* _GOAL OF THE EXERCISE_: Character for character, reproduce every entry below.

* _EXCERPTED DATA_:
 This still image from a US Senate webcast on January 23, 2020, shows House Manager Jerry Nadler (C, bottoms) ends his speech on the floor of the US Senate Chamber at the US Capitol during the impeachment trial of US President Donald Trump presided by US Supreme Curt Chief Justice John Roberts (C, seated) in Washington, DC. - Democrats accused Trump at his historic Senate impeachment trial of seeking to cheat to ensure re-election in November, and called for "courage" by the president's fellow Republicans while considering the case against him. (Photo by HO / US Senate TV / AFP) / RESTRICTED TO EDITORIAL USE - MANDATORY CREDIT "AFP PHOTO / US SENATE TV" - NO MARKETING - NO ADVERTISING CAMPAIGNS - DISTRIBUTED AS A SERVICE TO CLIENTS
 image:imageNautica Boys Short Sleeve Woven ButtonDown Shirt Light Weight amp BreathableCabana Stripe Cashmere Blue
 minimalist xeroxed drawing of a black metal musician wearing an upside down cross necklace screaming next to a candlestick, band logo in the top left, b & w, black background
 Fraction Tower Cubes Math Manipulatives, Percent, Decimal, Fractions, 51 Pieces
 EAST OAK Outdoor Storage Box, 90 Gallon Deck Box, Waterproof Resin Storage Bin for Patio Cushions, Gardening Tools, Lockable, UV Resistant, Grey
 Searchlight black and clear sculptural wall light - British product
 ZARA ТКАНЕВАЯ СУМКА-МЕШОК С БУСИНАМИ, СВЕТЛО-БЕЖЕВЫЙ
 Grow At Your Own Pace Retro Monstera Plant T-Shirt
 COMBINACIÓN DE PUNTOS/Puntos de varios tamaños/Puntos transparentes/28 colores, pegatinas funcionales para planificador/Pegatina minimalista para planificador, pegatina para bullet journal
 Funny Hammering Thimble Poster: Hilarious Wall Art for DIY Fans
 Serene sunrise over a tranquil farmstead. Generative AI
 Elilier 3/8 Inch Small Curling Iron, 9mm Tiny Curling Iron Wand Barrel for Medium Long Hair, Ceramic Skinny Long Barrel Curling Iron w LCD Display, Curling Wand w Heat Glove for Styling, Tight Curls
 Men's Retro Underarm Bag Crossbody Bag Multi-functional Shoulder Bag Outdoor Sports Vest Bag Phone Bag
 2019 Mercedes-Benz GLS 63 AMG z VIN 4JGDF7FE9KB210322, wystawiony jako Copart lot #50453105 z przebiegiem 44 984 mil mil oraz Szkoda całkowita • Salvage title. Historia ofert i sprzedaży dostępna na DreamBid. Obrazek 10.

* _TASK RESULT_:
 This still image from a US Senate webcast on January 23, 2020, shows House Manager Jerry Nadler (C, bottoms) ends his speech on the floor of the US Senate Chamber at the US Capitol during the impeachment trial of US President Donald Trump presided by US Supreme Curt Chief Justice John Roberts (C, seated) in Washington, DC. - Democrats accused Trump at his historic Senate impeachment trial of seeking to cheat to ensure re-election in November, and called for "courage" by the president's fellow Republicans while considering the case against him. (Photo by HO / US Senate TV / AFP) / RESTRICTED TO EDITORIAL USE - MANDATORY CREDIT "AFP PHOTO / US SENATE TV" - NO MARKETING - NO ADVERTISING CAMPAIGNS - DISTRIBUTED AS A SERVICE TO CLIENTS
 image:imageNautica Boys Short Sleeve Woven ButtonDown Shirt Light Weight amp BreathableCabana Stripe Cashmere Blue
 minimalist xeroxed drawing of a black metal musician wearing an upside down cross necklace screaming next to a candlestick, band logo in the top left, b & w, black background
 Fraction Tower Cubes Math Manipulatives, Percent, Decimal, Fractions, 51 Pieces
 EAST OAK Outdoor Storage Box, 90 Gallon Deck Box, Waterproof Resin Storage Bin for Patio Cushions, Gardening Tools, Lockable, UV Resistant, Grey
 Searchlight black and clear sculptural wall light - British product
 ZARA ТКАНЕВАЯ СУМКА-МЕШОК С БУСИНАМИ, СВЕТЛО-БЕЖЕВЫЙ
 Grow At Your Own Pace Retro Monstera Plant T-Shirt
 COMBINACIÓN DE PUNTOS/Puntos de varios tamaños/Puntos transparentes/28 colores, pegatinas funcionales para planificador/Pegatina minimalista para planificador, pegatina para bullet journal
 Funny Hammering Thimble Poster: Hilarious Wall Art for DIY Fans
 Serene sunrise over a tranquil farmstead. Generative AI
 Elilier 3/8 Inch Small Curling Iron, 9mm Tiny Curling Iron Wand Barrel for Medium Long Hair, Ceramic Skinny Long Barrel Curling Iron w LCD Display, Curling Wand w Heat Glove for Styling, Tight Curls
 Men's Retro Underarm Bag Crossbody Bag Multi-functional Shoulder Bag Outdoor Sports Vest Bag Phone Bag
 2019 Mercedes-Benz GLS 63 AMG z VIN 4JGDF7FE9KB210322, wystawiony jako Copart lot #50453105 z przebiegiem 44 984 mil mil oraz Szkoda całkowita • Salvage title. Historia ofert i sprzedaży dostępna na DreamBid. Obrazek 10.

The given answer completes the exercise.